Dans son livre Le burn-out des enfants : et si on leur en demandait trop ? (Payot & Rivages), Béatrice Millêtre explique : « Je peux affirmer que le gap du burn-out est aujourd’hui franchi. Je vois arriver dans mon cabinet des enfants qui ne sont pas juste stressés : ils sont épuisés. Exactement dans le même état que des adultes en burn-out professionnel. Ils ont subi un épuisement nerveux, qui les conduit à un craquage ».
À contre-courant de ce « trop », l’asbl Coala, avec d’autres organisations de jeunesse, est à l’initiative de la campagne « Prendre son temps ». Partant du constat qu’il y a une pression de rentabilité du temps et confronté à des parents soucieux d’y répondre au mieux, l’ATL prône le temps libre. Autrement dit : proposer plutôt qu’imposer. Laisser l’enfant choisir entre construire une cabane et faire du macramé. Lui permettre de se réapproprier son temps et son espace plutôt que lui ajouter une contrainte ou une consigne de plus.

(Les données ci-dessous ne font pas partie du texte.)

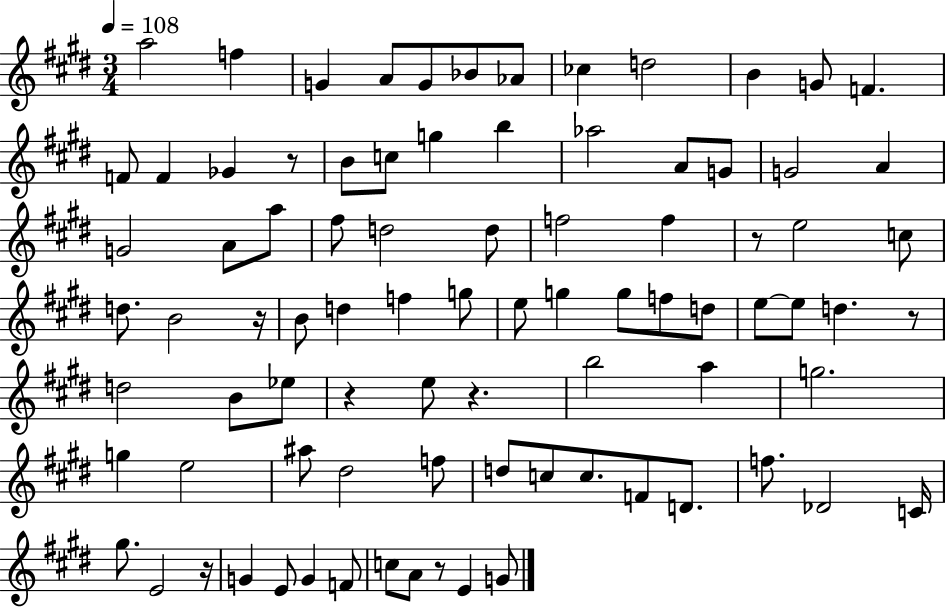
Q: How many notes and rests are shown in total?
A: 86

« Proposer comme activité à un enfant de dessiner librement. À 5 ans, il s’en donne à cœur joie. À 10 ans, il est perdu, car déjà formaté au fait de recevoir sans cesse des consignes. Il doit alors réapprendre à investir cet espace de liberté », explique Olivier Gerkeens, le directeur de l’asbl.
Laissons une (petite) place à l’ennui
Puisque ce n’est pas naturel de lui faire de la place, parlons-en de l’ennui. Il a mauvaise réputation et pourtant l’ennui n’est pas le désœuvrement, comme le rappelle Claire-Anne Sevrin, coordinatrice de Yapaka, à l’initiative de la campagne « Laissons une petite place à l’ennui ».
« L’ennui doit être furtif pour jouer son rôle de déclencheur et permettre au jeu libre de s’enclencher. Préserver des petites bulles d’ennui permet à l’enfant de découvrir des choses par lui-même. Ces moments de vide lui permettent de se connecter à ‘qui il est’ et construisent son identité. Ils développent aussi chez l’enfant la capacité à s’occuper seul. Dans l’attente, le vide, il peut rêver, être créatif, converser avec lui-même. »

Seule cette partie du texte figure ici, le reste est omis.